=== RECORDS FOR THIS EXERCISE ===
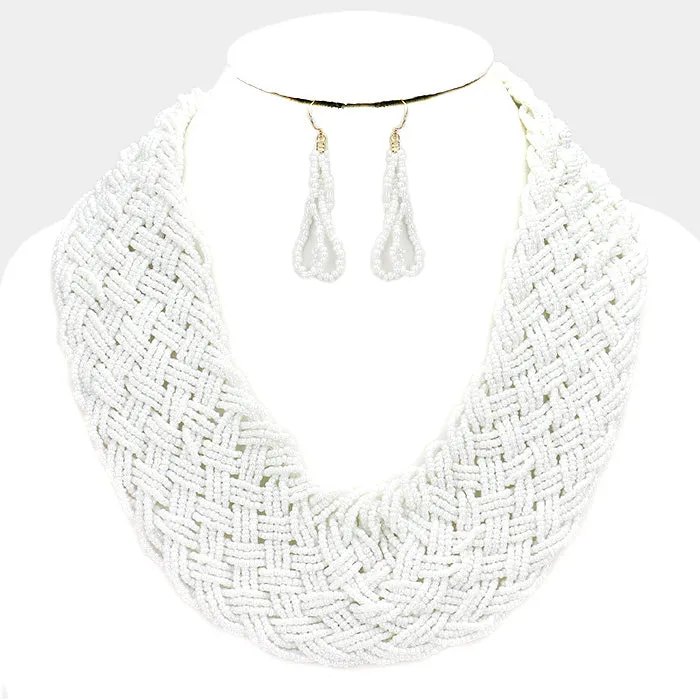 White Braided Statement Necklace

* * *

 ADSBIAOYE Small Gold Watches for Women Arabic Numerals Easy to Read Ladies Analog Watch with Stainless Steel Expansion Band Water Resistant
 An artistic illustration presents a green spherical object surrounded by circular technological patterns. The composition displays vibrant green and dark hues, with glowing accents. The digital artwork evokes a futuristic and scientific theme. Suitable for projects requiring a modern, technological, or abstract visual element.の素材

=== WORK TO COMPLETE ===
Looking at the entries above, can you reproduce exactly the lines from the one that holds "ADSBIAOYE Small Gold" through the one that holds "An artistic illustration", and only those?

=== THE ANSWER ===
 ADSBIAOYE Small Gold Watches for Women Arabic Numerals Easy to Read Ladies Analog Watch with Stainless Steel Expansion Band Water Resistant
 An artistic illustration presents a green spherical object surrounded by circular technological patterns. The composition displays vibrant green and dark hues, with glowing accents. The digital artwork evokes a futuristic and scientific theme. Suitable for projects requiring a modern, technological, or abstract visual element.の素材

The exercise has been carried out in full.